Starting at the line containing "So the whole" and ending at the line containing "On the next", print every line of the material below exactly, both ends included, and stop there.

* **Task input**
————————
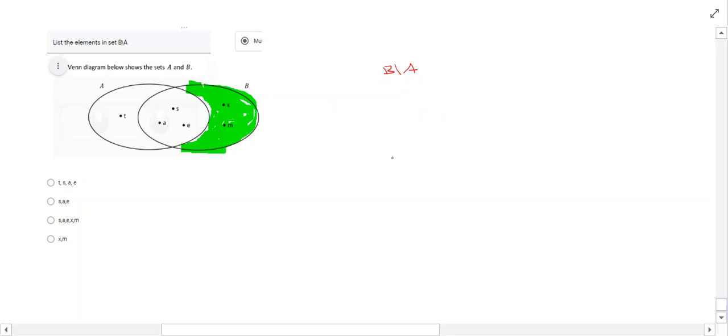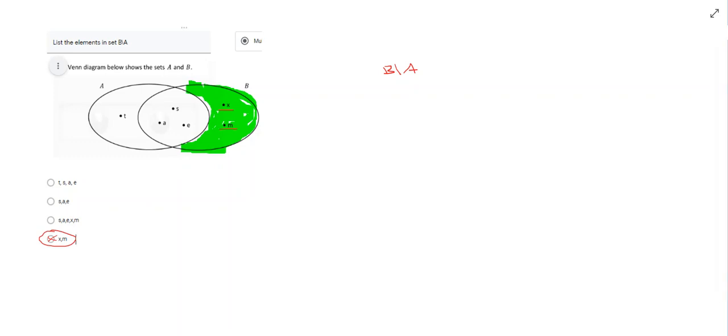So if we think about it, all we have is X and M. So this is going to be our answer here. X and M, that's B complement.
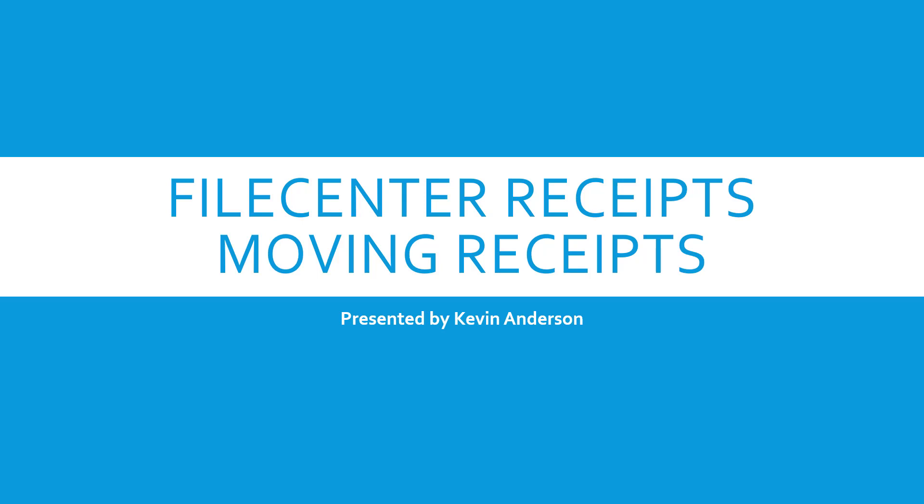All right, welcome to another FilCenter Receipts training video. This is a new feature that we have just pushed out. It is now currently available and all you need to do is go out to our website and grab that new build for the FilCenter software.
————————
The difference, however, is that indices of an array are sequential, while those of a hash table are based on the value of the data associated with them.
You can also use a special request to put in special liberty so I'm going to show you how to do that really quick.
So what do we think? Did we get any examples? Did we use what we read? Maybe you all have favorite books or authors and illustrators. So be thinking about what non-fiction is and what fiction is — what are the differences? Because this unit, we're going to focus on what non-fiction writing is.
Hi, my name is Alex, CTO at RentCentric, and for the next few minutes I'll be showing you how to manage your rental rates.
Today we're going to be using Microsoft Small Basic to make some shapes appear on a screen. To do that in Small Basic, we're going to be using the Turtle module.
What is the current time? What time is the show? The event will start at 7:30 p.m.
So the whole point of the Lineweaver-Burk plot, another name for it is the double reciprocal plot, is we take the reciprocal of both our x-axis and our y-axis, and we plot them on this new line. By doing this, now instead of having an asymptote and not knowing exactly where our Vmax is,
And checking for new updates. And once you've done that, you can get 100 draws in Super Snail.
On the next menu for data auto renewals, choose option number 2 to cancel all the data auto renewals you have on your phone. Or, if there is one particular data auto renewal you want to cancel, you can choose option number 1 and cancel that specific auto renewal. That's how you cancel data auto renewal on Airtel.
————————
* **Task result**
So the whole point of the Lineweaver-Burk plot, another name for it is the double reciprocal plot, is we take the reciprocal of both our x-axis and our y-axis, and we plot them on this new line. By doing this, now instead of having an asymptote and not knowing exactly where our Vmax is,
And checking for new updates. And once you've done that, you can get 100 draws in Super Snail.
On the next menu for data auto renewals, choose option number 2 to cancel all the data auto renewals you have on your phone. Or, if there is one particular data auto renewal you want to cancel, you can choose option number 1 and cancel that specific auto renewal. That's how you cancel data auto renewal on Airtel.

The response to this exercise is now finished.